Sunday, May 17, 2020

Songmin Li ASA002 A04 Week8

According to the poem, "She Shall Not Be Moved" written by W.P., I have read her emotions of helplessness and sadness. She stated that "Poetry was the medicine soothing wounds from invisible knives. (Pg 274)" In her narrative, it is shown her experience after she returned to college that the department coordinator suppressed her, destroy her job, told her that "Organization is not your expertise." and reported to her superior, the dean, that she is an incompetent person. Besides, all her funding was rejected, not only that, her students were scorned and punished. 
Everything around her made her "grow up" and taught her "to behave like an adult", but I don't think this should have happened. These painful experiences gave her negative physical feedback. She was tortured in the whole university environment. I think all her motivation for perseverance is her self-pursuit of academics and her expectations of students since she claimed that "My comfort was teaching and watching my students grow as warriors." Her strength, tenacity, and courage have touched me.
Besides, through the "Mothering is Liberation: Giving Birth to Alagaan Pedagogy" by professor Allyson Titiangco-Cubales, I understand that women in academia is hard to find balance between the roles of a professor and a mother since the characteristics needed for these two roles are different. In this case, she have created a personal Alagaan pedagogy, which is a kind of care that "humanizes self, family, community, teachers, and students in the pro-cess toward liberation. (354)" The author points out that being a mother does not negatively affect your academic career, but instead promotes the spirit and emotion of a mother as a mother. I think this has greatly promoted the status of women in academia. After all, discrimination against gender and people of color in academia is still an issue that we need to discuss.

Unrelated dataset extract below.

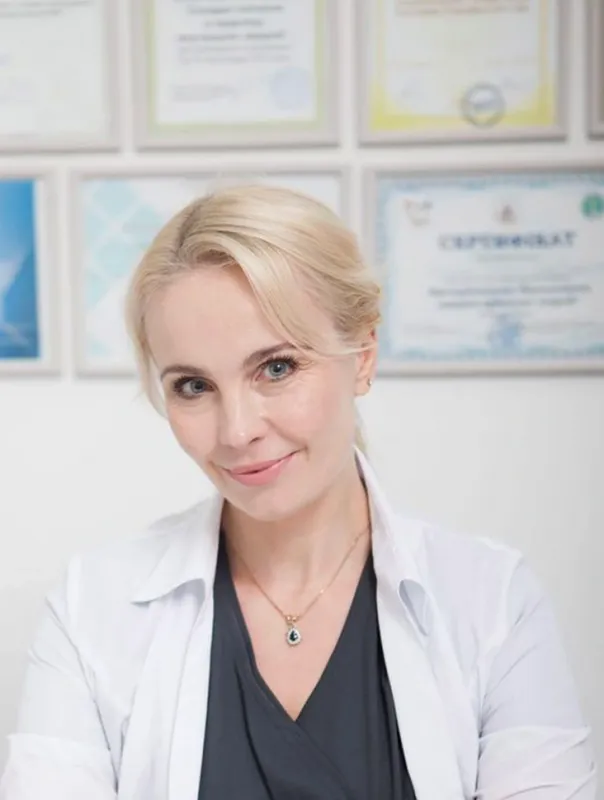 Капінус Ярослава Сергіївна - невролог, голкорефлексотерапевт, лікар вищої категорії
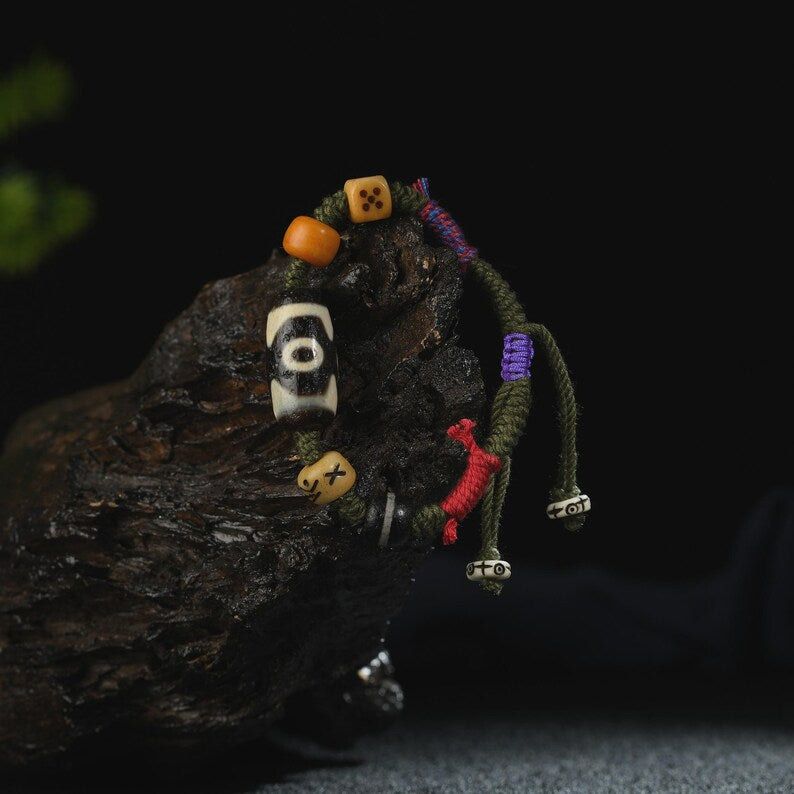 Tibetan/Himalayan antique bracelet, Three eyes dzi bracelet, hand woven Boedi Tianzhu bracelets, prayer, gifts, amulets，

My question is: Is it necessary to change the existence of discrimination to include part of the prescribed norms into the law to constrain people?


References:
pictures retrieved from: https://www.theigc.org/blog/5-facts-about-women-in-academia-is-gender-parity-really-around-the-corner/

Valverde, K.-L. C., & Dariotis, W. M., (2020). Fight the tower: Asian American women scholars 
resistance and renewal in the academy. Rutgers University Press.